A TV screen at an electronics store in Tokyo shows a news program on North Korea's rocket launch with an image of leader Kim Jong Un on Feb. 7. (Shizuo Kambayashi/Associated Press)

ASSESSING THE behavior of North Korean ruler Kim Jong Un is necessarily a matter of guesswork. In light of North Korea’s launch Sunday of another long-range rocket, however, our favorite theory is a simple one: Mr. Kim is responding rationally, even shrewdly, to the outside world. The 30-something dictator no doubt noticed that after the regime’s latest nuclear test, on Jan. 6, there was no response other than rhetoric from the U.N. Security Council, China and the United States. Moreover, he surely observed that his provocation served to widen a rift between Washington and Beijing over how to handle him. So why not double down?

The three-stage rocket launched Sunday, which supposedly put a satellite into Earth’s orbit, could also serve as an intercontinental missile. If North Korea has succeeded, as it claims it has, in miniaturizing a nuclear warhead, Mr. Kim could target Hawaii and Alaska, or perhaps even the western U.S. mainland. The threat is not imminent — and yet it is likely to become so if the United States does not devise a more effective strategy for containing and deterring the Kim regime.

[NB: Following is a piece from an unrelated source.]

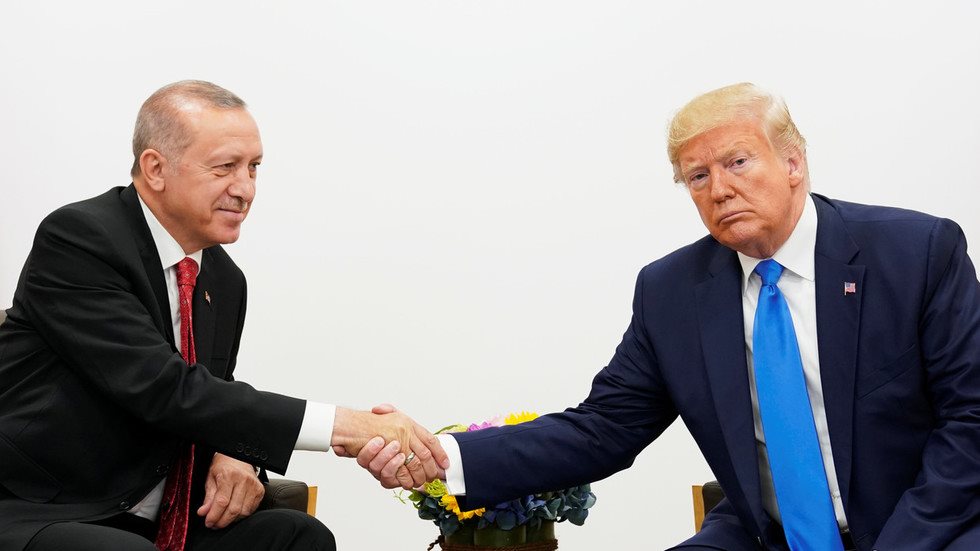 Дональд Трамп обсудил с Реджепом Тайипом Эрдоганом вопрос поставки в Турцию российского противоракетного комплекса "С-400"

President Obama’s policy since 2009, “strategic patience,” has failed. The policy has mostly consisted of ignoring North Korea while mildly cajoling China to pressure the regime. As the supplier of most of the isolated country’s energy and food, Beijing has enormous leverage. But Chinese President Xi Jinping appears even more committed than his predecessors to the doctrine that it is preferable to tolerate the Kim regime — and its nuclear proliferation — than do anything that might destabilize it.

Since the nuclear test, China has been saying that it will support another U.N. resolution on North Korea, but it is balking at significant new sanctions. Instead it calls for “dialogue,” by which it means negotiations between North Korea and the United States. This sounds reasonable; the problem is that talks on curbing North Korea’s nuclear program and missiles have failed repeatedly, and Mr. Kim is now insisting that the regime be accepted as a nuclear power.

What is needed is a return to the only non-military strategy that brought results: sanctions that strike at the regime’s inner circle. Mr. Kim and his cronies are still managing to import luxury goods from China, in spite of a U.N. ban; they still use Chinese banks to do business with the rest of the world. Those links could be curtailed if North Korea, like Iran before it, were designated as a money launderer and U.S. sanctions were slapped on Chinese banks and other businesses that supply weapons and luxury goods.

Pending U.S. sanctions legislation, already passed by the House and scheduled for a Senate floor vote this week, would mandate these steps, while providing the administration with some flexibility. It should pass, and Mr. Obama should sign it. The administration and South Korea have taken one positive step, by announcing formal consultations on deploying an advanced missile defense system in South Korea as quickly as possible. That sensible step had been on hold because of China’s objections.

Both China and North Korea must see that they will pay a mounting price for what, to the United States, should be Mr. Kim’s intolerable steps toward a nuclear arsenal. “Strategic patience” is no longer a viable option.